Adventurers stuck in the doldrums



DUBAI // By now, the adventurers should have been speeding along the ice, their faces whipped by the wind as they kite-skiied north towards the Arctic Ocean. But after making good time at the start of the week, Adrian Hayes and his teammates, Devon McDiarmid and Derek Crowe, have "hit stalemate" and spent the past few days clawing their way forwards on foot as the cold, downward katabatic winds needed to propel them along the last half of their journey continue to elude them.

Forecasts from their meteorological adviser, Marc de Keyser, suggest good winds will begin on Sunday about 250km north of their current location - now all they need to do is get there. No easy task, Hayes said yesterday, when you are pulling 90kg sleds behind you. "There is no way we can do that in four days but we will try and do a little bit," he said. "We will get up as far as we can. It gets us out of the tent and gets us some exercise."

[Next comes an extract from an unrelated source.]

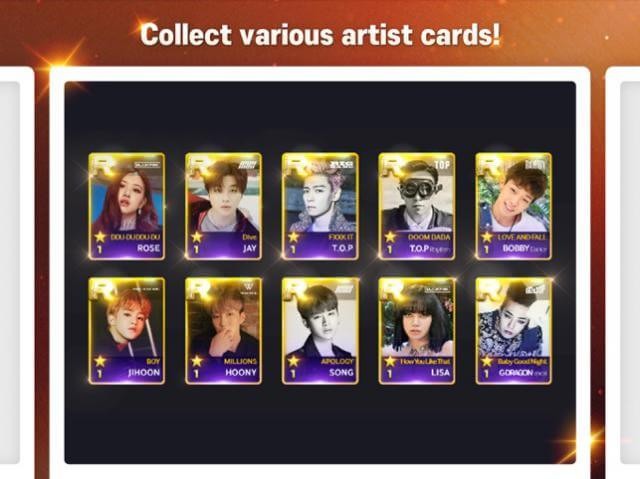 Thu thập các thẻ nghệ sĩ bạn yêu thích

When the wind will not co-operate, he added, movement becomes incremental. "We did 185km one day and the next day we packed our tents up and managed about 185 metres," he said. "We literally could see our campsite. The wind died. We spent the rest of the day sitting. The next day was bad so we were sitting again. We then had a day where we managed a little bit and then we had this forecast of four days of stillness."

But they will try to press forward on foot until the westerly 10- to 15-knot winds arrive on Sunday. Hayes and McDiarmid are used to trekking along icy regions - they were part of a team that 18 months ago trekked to the South Pole unassisted - but to trek the remaining 500km to the Arctic Ocean, at the pace at which they completed the South Pole expedition, would take about 30 days. It is time the trio simply do not have.